3 parts compost-amended loam or quality multipurpose compost : 1 part well-rotted garden compost or manure : 1 part perlite or grit (containers) / leaf mould (beds). Junglesop grows fast and has a big crop to fill, so it draws heavily on both nutrients and water — a lean mix simply cannot keep up.

Can I use normal potting soil for junglesop?

A poor, thin or sandy mix starves junglesop — growth stalls, leaves pale, and yields collapse. For containers a good multipurpose or vegetable compost works for junglesop with extra feed through the season. For beds, the real win is digging in plenty of well-rotted compost or manure — that beats any bag.

Does junglesop need a special pH?

Junglesop does best around pH 6.0-7.0 (slightly acidic to neutral). It is worth a cheap soil test for an outdoor bed; very acidic soil benefits from a little lime well before planting.

Should I buy a bagged mix or make my own for junglesop?

For containers a good multipurpose or vegetable compost works for junglesop with extra feed through the season. For beds, the real win is digging in plenty of well-rotted compost or manure — that beats any bag.

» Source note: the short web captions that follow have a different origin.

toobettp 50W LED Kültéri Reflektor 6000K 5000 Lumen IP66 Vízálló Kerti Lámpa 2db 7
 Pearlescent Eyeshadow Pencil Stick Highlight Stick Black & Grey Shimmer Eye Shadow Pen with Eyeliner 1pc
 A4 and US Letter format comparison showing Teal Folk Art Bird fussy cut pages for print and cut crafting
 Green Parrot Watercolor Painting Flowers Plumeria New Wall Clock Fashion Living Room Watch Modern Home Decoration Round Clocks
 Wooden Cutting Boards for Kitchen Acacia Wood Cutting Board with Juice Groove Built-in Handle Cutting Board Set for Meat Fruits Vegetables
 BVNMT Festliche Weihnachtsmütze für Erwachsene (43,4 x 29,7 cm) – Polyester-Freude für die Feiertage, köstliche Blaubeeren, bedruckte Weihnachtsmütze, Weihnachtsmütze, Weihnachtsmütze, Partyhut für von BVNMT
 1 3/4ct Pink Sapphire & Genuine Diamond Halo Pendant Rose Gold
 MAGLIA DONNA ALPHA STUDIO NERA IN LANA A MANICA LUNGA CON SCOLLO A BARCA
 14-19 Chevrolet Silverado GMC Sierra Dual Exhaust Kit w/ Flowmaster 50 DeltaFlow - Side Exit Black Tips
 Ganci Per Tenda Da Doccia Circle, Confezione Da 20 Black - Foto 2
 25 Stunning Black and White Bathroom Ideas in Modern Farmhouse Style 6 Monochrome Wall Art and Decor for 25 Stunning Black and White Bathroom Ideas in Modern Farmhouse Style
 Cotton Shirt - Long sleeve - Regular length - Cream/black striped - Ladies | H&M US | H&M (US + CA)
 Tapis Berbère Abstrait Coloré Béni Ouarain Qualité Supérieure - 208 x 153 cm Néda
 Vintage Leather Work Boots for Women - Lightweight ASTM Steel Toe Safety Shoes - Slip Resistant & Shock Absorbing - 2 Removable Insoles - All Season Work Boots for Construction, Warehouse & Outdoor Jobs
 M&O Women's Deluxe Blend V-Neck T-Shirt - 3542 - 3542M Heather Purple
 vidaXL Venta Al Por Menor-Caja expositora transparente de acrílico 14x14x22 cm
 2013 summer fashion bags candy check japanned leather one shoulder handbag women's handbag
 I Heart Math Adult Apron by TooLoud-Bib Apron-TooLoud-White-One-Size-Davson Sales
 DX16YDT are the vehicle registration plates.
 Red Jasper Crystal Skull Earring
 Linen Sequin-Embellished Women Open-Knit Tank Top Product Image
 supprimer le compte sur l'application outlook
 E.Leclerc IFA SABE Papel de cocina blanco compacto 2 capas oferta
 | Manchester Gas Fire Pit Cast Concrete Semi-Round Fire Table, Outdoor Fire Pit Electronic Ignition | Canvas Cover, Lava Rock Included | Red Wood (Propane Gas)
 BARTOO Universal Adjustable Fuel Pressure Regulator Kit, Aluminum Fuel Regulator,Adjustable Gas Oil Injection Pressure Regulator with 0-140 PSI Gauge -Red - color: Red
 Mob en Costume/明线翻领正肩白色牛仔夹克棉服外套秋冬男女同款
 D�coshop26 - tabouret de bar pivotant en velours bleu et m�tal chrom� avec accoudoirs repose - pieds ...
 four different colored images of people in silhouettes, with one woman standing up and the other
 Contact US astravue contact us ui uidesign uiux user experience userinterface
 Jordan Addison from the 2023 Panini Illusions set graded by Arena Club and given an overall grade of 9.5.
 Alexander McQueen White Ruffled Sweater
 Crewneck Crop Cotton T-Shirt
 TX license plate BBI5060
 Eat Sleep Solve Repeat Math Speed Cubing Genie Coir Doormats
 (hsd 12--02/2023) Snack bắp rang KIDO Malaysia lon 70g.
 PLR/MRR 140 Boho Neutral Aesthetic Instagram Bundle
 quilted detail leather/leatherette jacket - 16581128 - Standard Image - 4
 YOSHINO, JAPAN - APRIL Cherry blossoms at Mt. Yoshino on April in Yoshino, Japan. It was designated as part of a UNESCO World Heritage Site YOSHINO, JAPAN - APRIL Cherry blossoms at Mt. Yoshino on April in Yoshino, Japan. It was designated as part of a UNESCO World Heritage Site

How often should I refresh the soil for junglesop?

Junglesop is usually grown for a single season, so "repotting" means starting fresh each year — never reuse exhausted, disease-prone compost for the same crop family. Rich but free-draining is the target: raised beds and large containers both deliver it. Mulch heavily to even out moisture and roughly halve how often you water.